An Oldham based tissue manufacturing company has been prosecuted by the Health and Safety Executive (HSE) after an employee severs his fingers on unguarded machinery.
The 35 year old man was attempting to prevent paper from sticking to the seven metre wide print roller using a cloth to clean it while it was still in operation.
As he did so, the cloth became trapped between the two rollers, dragging his right hand in with it.
He had to spend four days in hospital and undergo surgery to his hand, but he lost two finger tips.
The resulting HSE investigation found that two guards to the machine had been removed a year previously. The guards would have prevented employees from access to the dangerous, moving rollers. They also found that electronic safety locks and cut out switches had been bypassed to allow the machine to carry on working.
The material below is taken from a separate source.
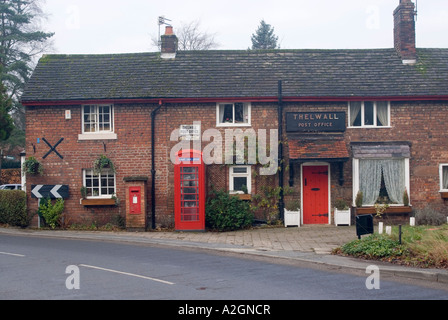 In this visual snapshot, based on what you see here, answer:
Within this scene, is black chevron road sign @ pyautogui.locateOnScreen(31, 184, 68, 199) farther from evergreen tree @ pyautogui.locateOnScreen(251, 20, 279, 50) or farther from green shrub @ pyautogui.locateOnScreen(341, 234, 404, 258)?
evergreen tree @ pyautogui.locateOnScreen(251, 20, 279, 50)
No checks had been made on the machine to make sure guards were in place.
Consequently, following the accident at work, the guards were found in a storage container and reinstated.
Vicki Wright, expert personal injury lawyer at Swain & Co Solicitors, says, “Accidents at work involving unguarded machinery are all too common. Guards are in place for a reason, and it is unacceptable that they are removed for any reason, let alone for over a year.”
“What is more, the company deliberately bypassed safety features so the machine could run without the guards in place. If a machine is not supposed to work without the guards in place this is an indication that removing them is against safety precautions. As a result of this firm’s failings to protect their employees, a man has sustained lifelong injuries.”